There’s not much worse in literature than vanity publications. You know what I’m talking about, right? Pseudo-intellectualizing the droppings from aging literary minds in rare volumes in order to learn one more way to say something smart and hip about well-read and long-dead authors. Some authors are wrung for every last drop of essence.
Who was first to think it was a good idea to take all the scraps of a popular writer’s labor and put them in one boring collection after another? We have an Internet for this sort of crap, don’t we? It’s a tradition that needs to stop. Isn’t it at least wasteful?
Who really needs to read another white man’s reflections on reading Flaubert for the first time that are similar but a little different than all the reflections since Flaubert was alive?

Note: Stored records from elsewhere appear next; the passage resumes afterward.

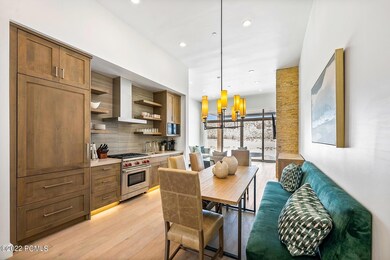 7_Dining-Kitchen_1800x1200_3815849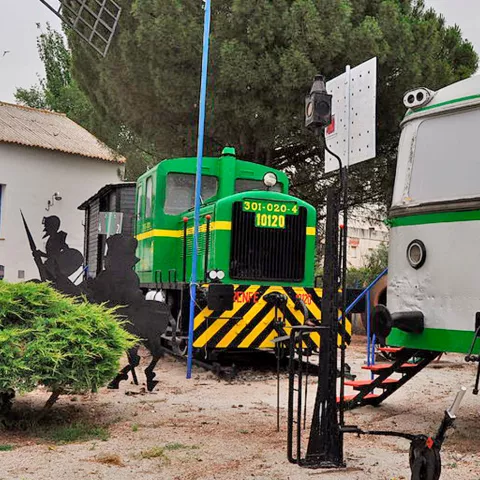 Conjunto de locomotoras y vagones ferroviarios históricos.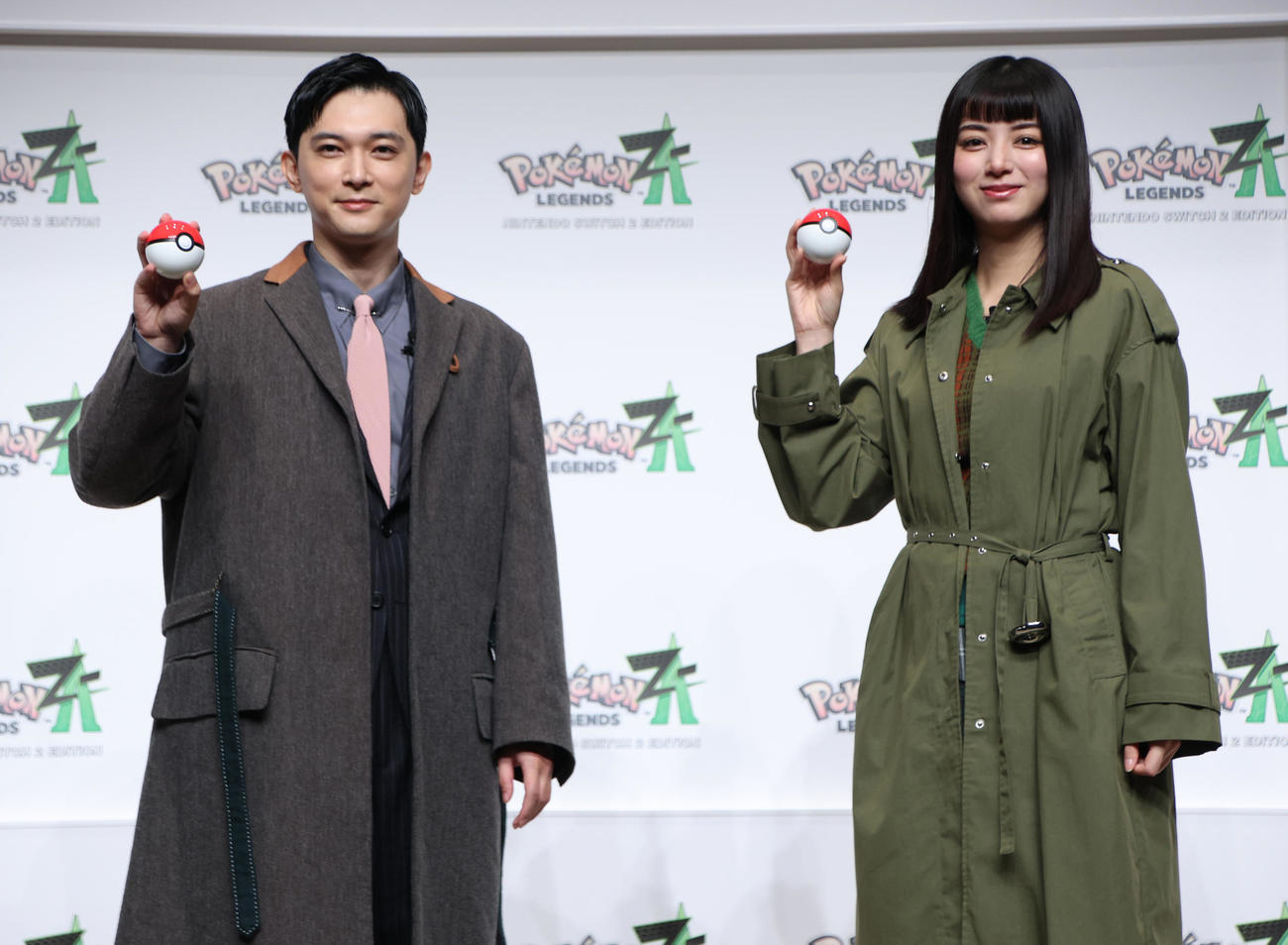 「ポケットモンスター」シリーズ最新作発売記念イベントでモンスターボールを手に記念撮影する吉沢亮（左）と池田エライザ（撮影・中島郁夫）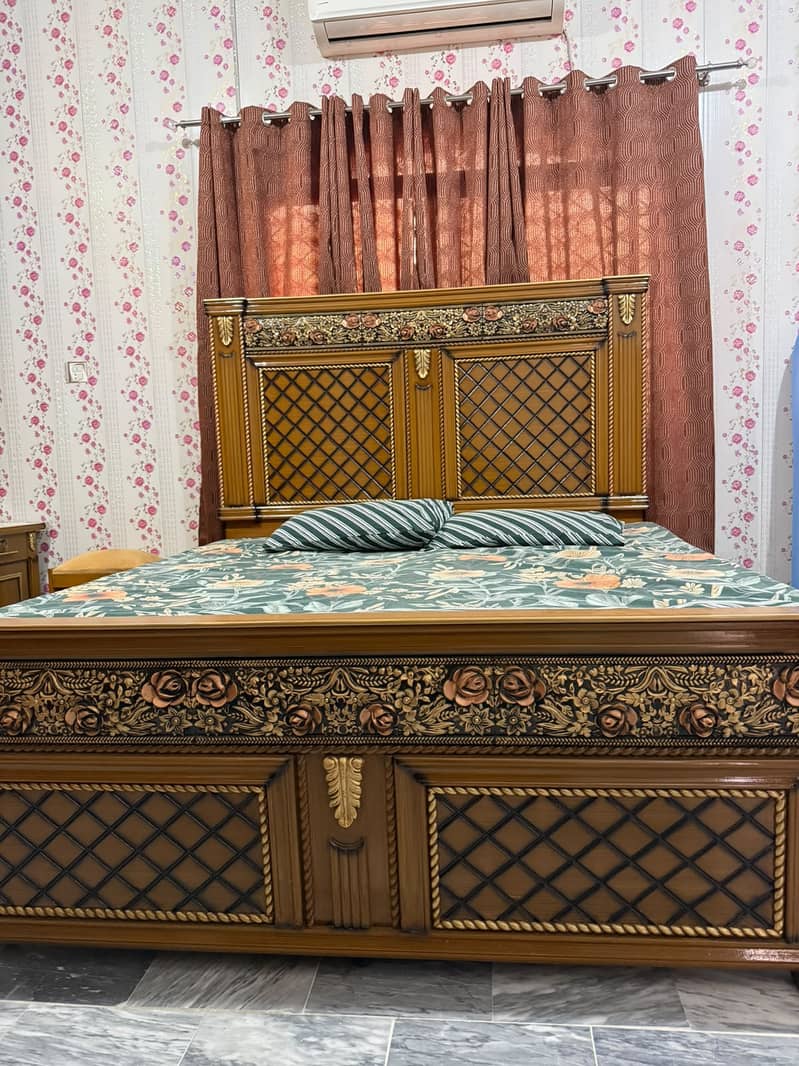 Bed/ Room Bed/ Side Tables / Wooden Furniture/ Room Furniture 5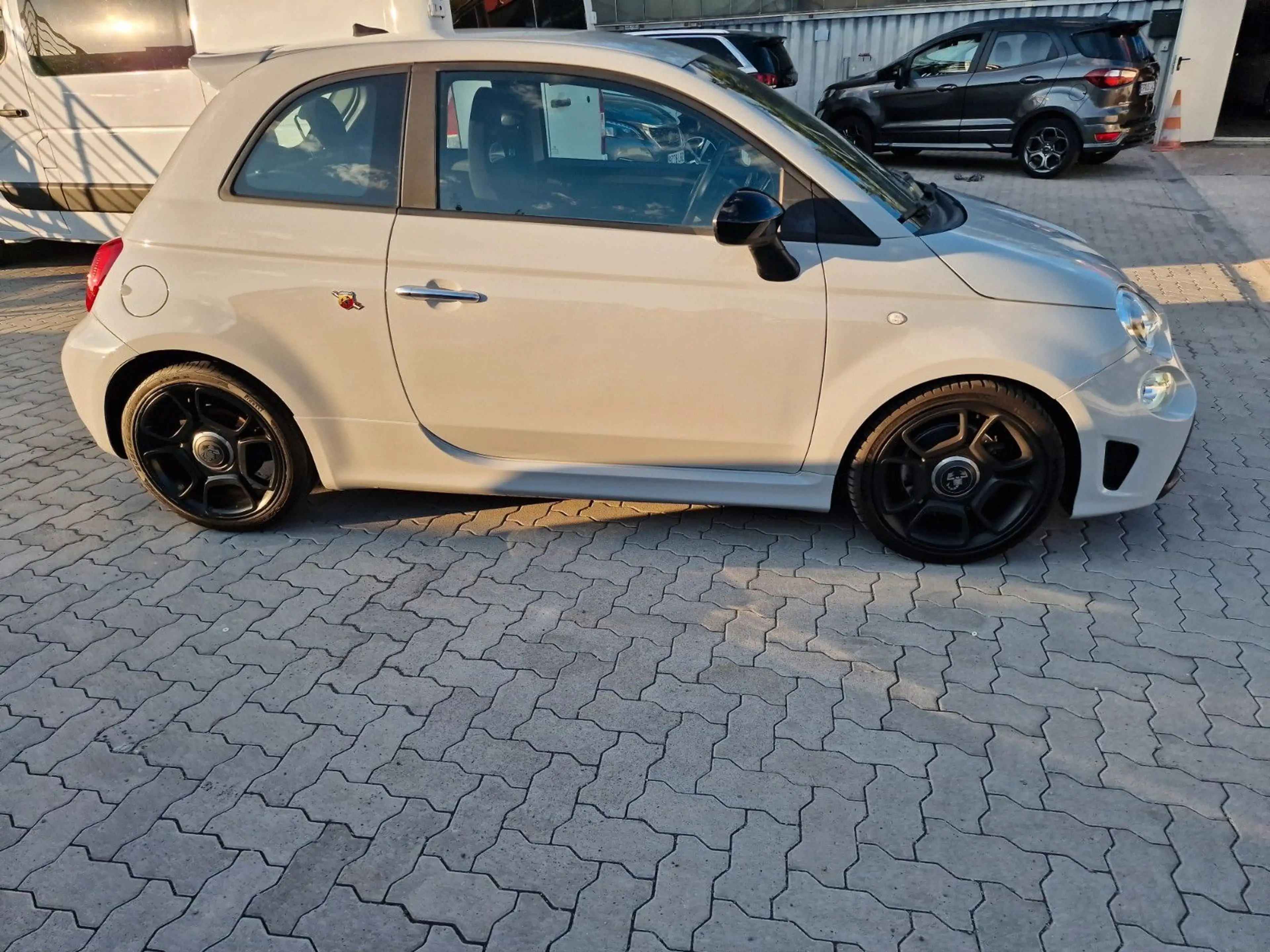 Abarth 500 F595, Automatik
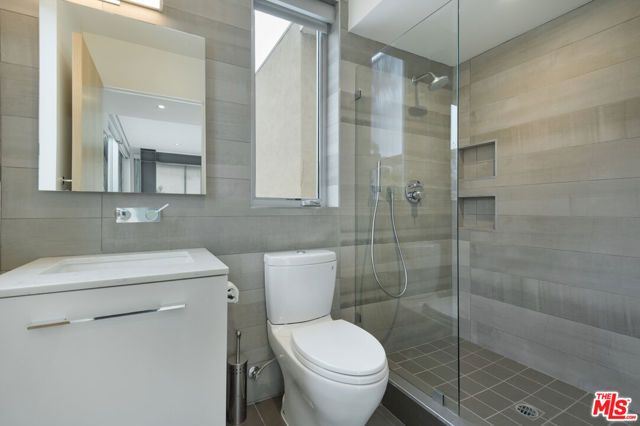 11962 GORHAM Avenue 2, Los Angeles, CA 90049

There’s a reason these books end up in bargain sections after twenty-four months. Economically speaking, the books are ultimately nothing more than obligations for readers to the authors’ publishers to exchange as much text for value as possible before the authors die, by which I mean cease to write, of course, because every last word they’ve uttered since becoming immortalized in popular literary-culture will be transcribed and published in a new and interesting (boring) collection of musings about life (reading) itself.

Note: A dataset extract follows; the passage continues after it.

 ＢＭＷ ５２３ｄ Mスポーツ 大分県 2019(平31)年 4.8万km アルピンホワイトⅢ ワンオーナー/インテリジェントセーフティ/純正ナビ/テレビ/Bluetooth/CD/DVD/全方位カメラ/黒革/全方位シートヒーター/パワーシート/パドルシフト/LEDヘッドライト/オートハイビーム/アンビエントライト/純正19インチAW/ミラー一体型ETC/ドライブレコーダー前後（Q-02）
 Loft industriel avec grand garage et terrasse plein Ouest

And we all know the people who read to fulfill a sense of social and economic obligation are the worst sorts of people. Many of you likely have several friends who are like this—who insist quoting from obscure (but widely published and available for purchase) books about what one of their favorite authors has to say about this or that subject you’ve been stupid enough to express interest in.
“What?! You mean you didn’t read what William Gass had to say about Nietzsche? Well, then you haven’t read Gass at his Gassiest!”

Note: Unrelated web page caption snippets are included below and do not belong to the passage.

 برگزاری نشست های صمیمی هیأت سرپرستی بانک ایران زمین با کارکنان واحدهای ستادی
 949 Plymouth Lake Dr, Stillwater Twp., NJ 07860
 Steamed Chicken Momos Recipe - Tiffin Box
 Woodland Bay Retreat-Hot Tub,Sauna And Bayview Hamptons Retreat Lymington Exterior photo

Sniffle, mumble and FUCK OFF! Somedays, Goodreads is the sort of thing that makes me realize people are much more interested in telling me about what they read than actually living the lives they read about in their special books, which is why I get excited about literature in the first place.
I read to enhance life, to learn to think about how I live. I don’t read to tell someone else I’ve been reading the right books. I’m sick of our culture that insists rewarding people for cultural cache. I list anything I’m reading on my virtual bookshelf for me. I like looking at it. I like looking at what my friends read. However, I know a lot of people who only post to their shelves what they think me and their other “friends” will think is unique and quirky.
People really do work had on putting on their faces. And it’s the sort of behavior that makes me work so hard at scraping them off and flinging them to the curb.